PDA

View Full Version : Compute shader wrong output, possible synchronization error



Jaa(c)
04-27-2014, 07:02 AM
Hey there,
I'm having a trouble with my compute shader, I'm not really sure what causes the problem, but I think I'm missing something with thread synchronization. I'm doing a simple reduction:


#version 430 core

#define SIZE 256
#define CLUSTERS 5

layout(local_size_x = 16, local_size_y = 16, local_size_z = 1) in;

layout(binding = 0) uniform sampler2D normals;
uniform ivec2 u_texSize;

struct Cluster {
vec3 cntr;
uint size;
};

coherent layout(std430, binding = 0) buffer destBuffer {
Cluster clusters[CLUSTERS];
bool moving;
} ob;

shared uint sizeCache[SIZE];

void main() {
const ivec2 pos = ivec2(gl_GlobalInvocationID.xy);
const vec2 coords = vec2(pos.x / float(u_texSize.x), pos.y / float(u_texSize.y));
const vec3 N = texture2D(normals, coords).rgb;
const bool isNormal = length(N) != 0;

const uint id = pos.y * (gl_WorkGroupSize.x + gl_NumWorkGroups.x) + pos.x;

barrier();
sizeCache[gl_LocalInvocationIndex] = int(isNormal);
int stepv = (SIZE >> 1);
while(stepv > 0) {
if (gl_LocalInvocationIndex < stepv) {
sizeCache[gl_LocalInvocationIndex] += sizeCache[gl_LocalInvocationIndex + stepv];
}
memoryBarrierShared();
barrier();
stepv = (stepv >> 1);
}

if (gl_LocalInvocationIndex == 0) {
atomicAdd(ob.clusters[0].size, sizeCache[0]);
}
barrier();
memoryBarrier();

if(id == 0) {
ob.clusters[0].size = 13; //this has no effect
ob.clusters[1].size = 1; //this works
}
}

The reduction works and produces correct result.
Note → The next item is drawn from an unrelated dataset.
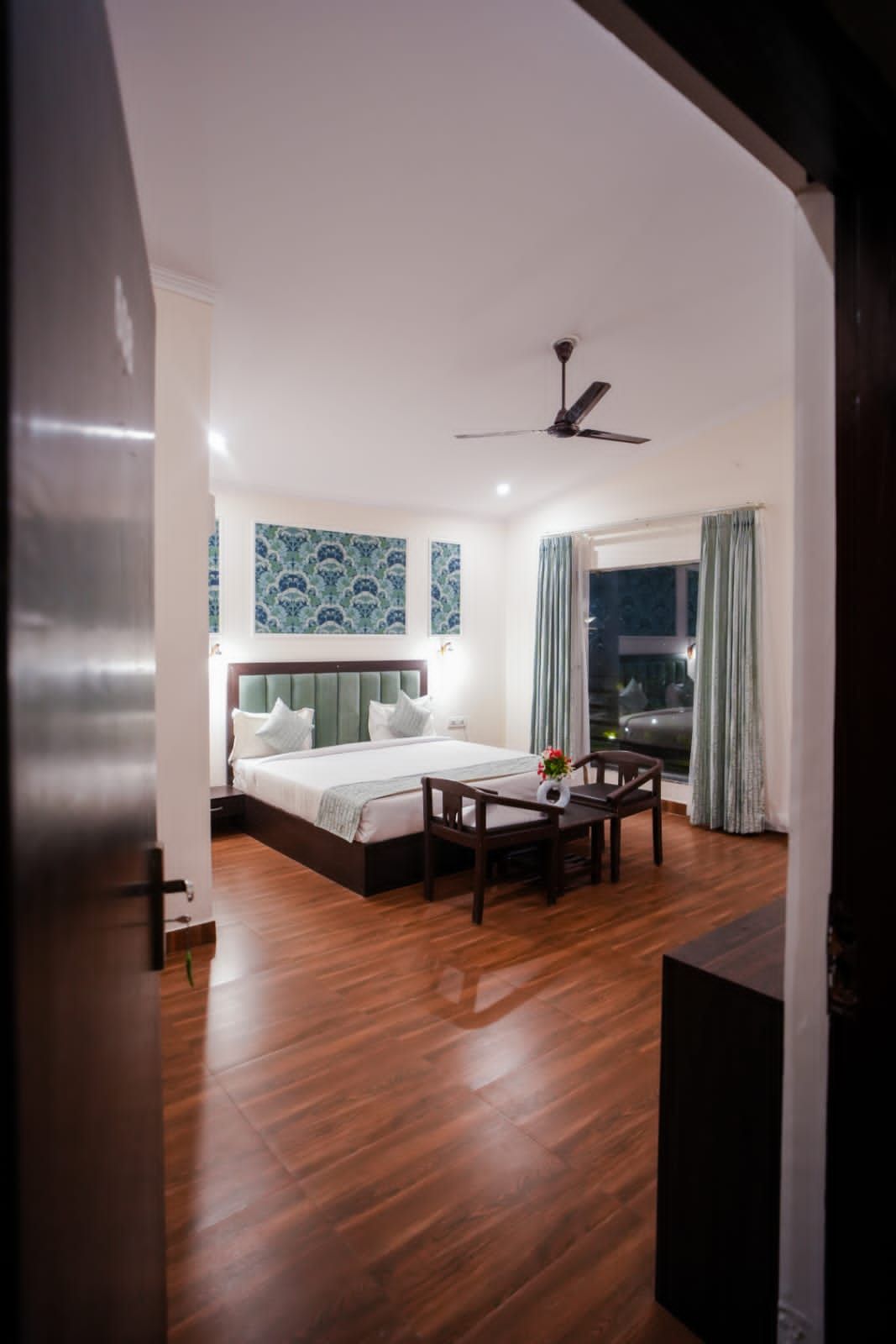 Habitación de hotel con cama, una mesa y sillas, ventilador de techo y ventana con cortinas.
However if I try to alter the variable after the reduction, it has no effect, the value doesn't change. I guess that it is rewritten by previous atomicAdd from another thread, but I don't understand why.
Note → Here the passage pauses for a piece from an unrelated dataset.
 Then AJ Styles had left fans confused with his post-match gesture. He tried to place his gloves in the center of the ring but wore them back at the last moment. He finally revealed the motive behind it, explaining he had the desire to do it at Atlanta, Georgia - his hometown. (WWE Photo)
This is how I read the result on CPU:


glBindBufferBase(GL_SHADER_STORAGE_BUFFER, 0, resultBuffer);

glDispatchCompute(ceil(winSize.x / 16.f), ceil(winSize.y / 16.f), 1);
glCheckError();

glMemoryBarrier(GL_ALL_BARRIER_BITS); //for debug

struct Cl {
glm::vec3 cntr;
uint size;
};

glBindBufferBase(GL_SHADER_STORAGE_BUFFER, 0, resultBuffer);

std::vector<Cl> data(5);
glGetBufferSubData(GL_SHADER_STORAGE_BUFFER, 0, sizeOfresult, &data[0]);


I have NVIDIA GT630M card and linux with nvidia proprietary driver (331.49).

Thanks for any help :)